Answer: You should adopt a Hybrid repository strategy. In this scenario, a pure monorepo would cause friction due to the different release cadences and strict isolation requirements, while a pure polyrepo would fail to enforce the central platform team’s hardened modules. By using a Hybrid approach, the central platform team maintains the hardened modules in a centralized repository (or private registry), while each independent engineering department maintains their own repositories for their specific environments. This allows the independent teams to iterate at their own pace and maintain isolation while still consuming the required organizational standards. The monorepo creates too much friction for newly acquired entities, and polyrepo offers no control, making hybrid the optimal path for scaling governance.
2. A large e-commerce platform uses a single Terraform state file for their entire production environment. During Black Friday preparations, the networking team is updating VPC routing while the checkout team is trying to add more application replicas. The checkout team's CI/CD pipeline fails repeatedly with "state lock" errors, and when it finally runs, the plan step takes 14 minutes. What is the architectural root cause and how would you resolve it?
Answer: The root cause is the use of a monolithic state file, which creates a massive concurrency bottleneck and bloated execution times. When multiple teams attempt to modify infrastructure simultaneously, the state lock prevents parallel changes, forcing teams to wait for each other. Furthermore, a single state file containing every resource in production means Terraform must refresh the status of thousands of irrelevant resources (like databases and VPCs) just to add application replicas. To resolve this, the organization must split the state file by component or team (e.g., separate states for networking, shared services, and individual application teams) so changes can be planned quickly and applied concurrently without stepping on each other’s locks. Splitting the state also drastically reduces the blast radius if state corruption were to occur.
3. The platform team updates the shared RDS Terraform module to enforce storage encryption by default, but to do so, they had to change the `subnet_group_name` variable to `db_subnet_ids`. The next morning, 15 different application teams have broken CI/CD pipelines because their infrastructure code is still passing the old variable. What versioning practice failed here, and how should consumers reference the module to prevent this?
Answer: The platform team failed to properly use semantic versioning and module consumers were likely pointing to the main branch or a mutable tag rather than a pinned version constraint. Changing a variable name is a breaking interface change, meaning the module version should have been incremented by a MAJOR version (e.g., from v2.4.0 to v3.0.0) according to semantic versioning rules. Consumers should reference modules using pessimistic version constraints (e.g., version = "~> 2.4.0") so they automatically receive backward-compatible patch and minor updates, but are protected from breaking major updates until they are ready to refactor their code. By relying on mutable tags or failing to pin versions, the application teams exposed themselves to immediate breakage from upstream changes without a review period.

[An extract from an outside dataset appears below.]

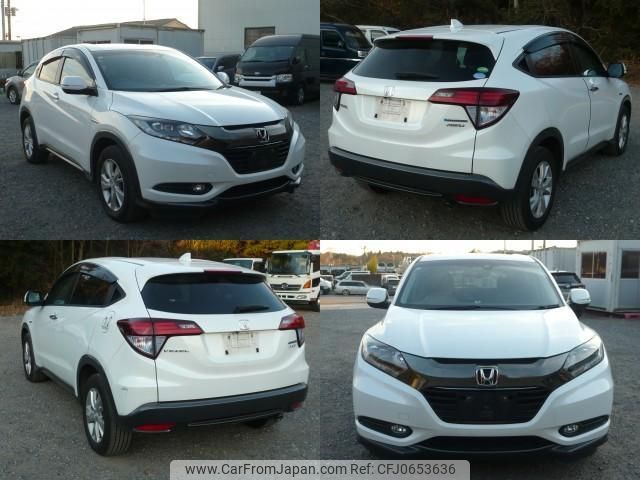 honda vezel 2016 quick_quick_DAA-RU4_RU4-1203611 image 2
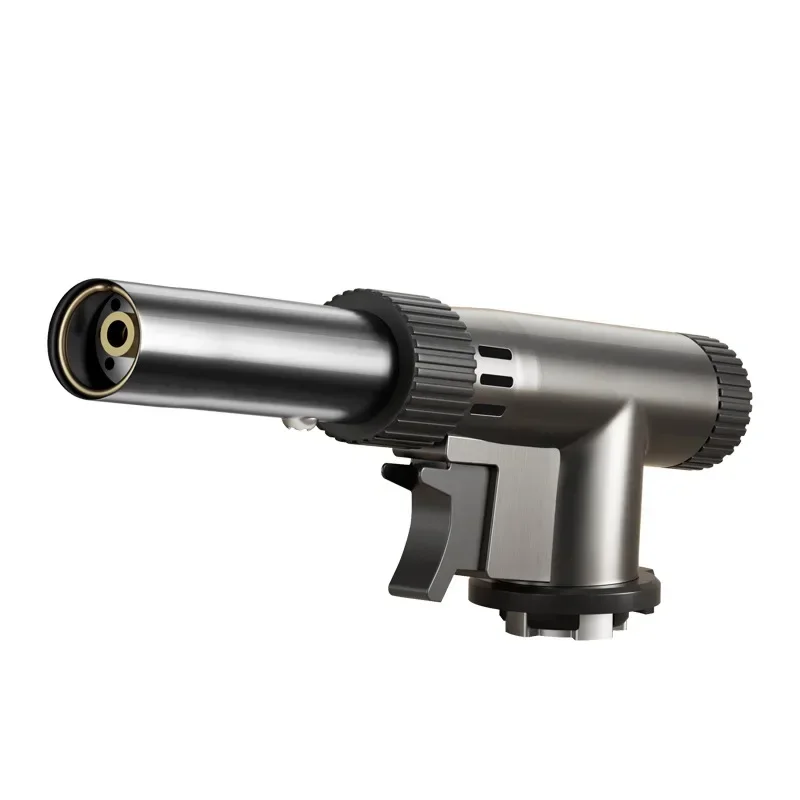 Metal Butane Gas Torch 6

4. A financial services company has 50 stream-aligned teams. Currently, when a team needs a new database, they file a Jira ticket to the Ops team, wait 3 days for approval, and the Ops engineer spends 2 hours manually writing and applying the Terraform. If the platform team implements a Backstage self-service portal that completely automates this process to 15 minutes of developer time (and 0 Ops time), and each team requests one database per week, what is the impact on organizational efficiency?
Answer: The impact is a massive reduction in toil and lead time, saving the organization 100 hours of Ops engineering time per week (50 teams × 2 hours). Additionally, it eliminates 150 days of aggregate wait time (50 teams × 3 days), allowing product teams to deliver value much faster. By shifting the interaction model from a manual ticket queue to automated self-service, the Ops team is freed to work on high-leverage platform capabilities rather than repetitive provisioning tasks. The Backstage template ensures that every provisioned database still adheres to organizational standards, meaning this efficiency is gained without sacrificing compliance or security. This cultural shift translates directly into faster time-to-market for the business.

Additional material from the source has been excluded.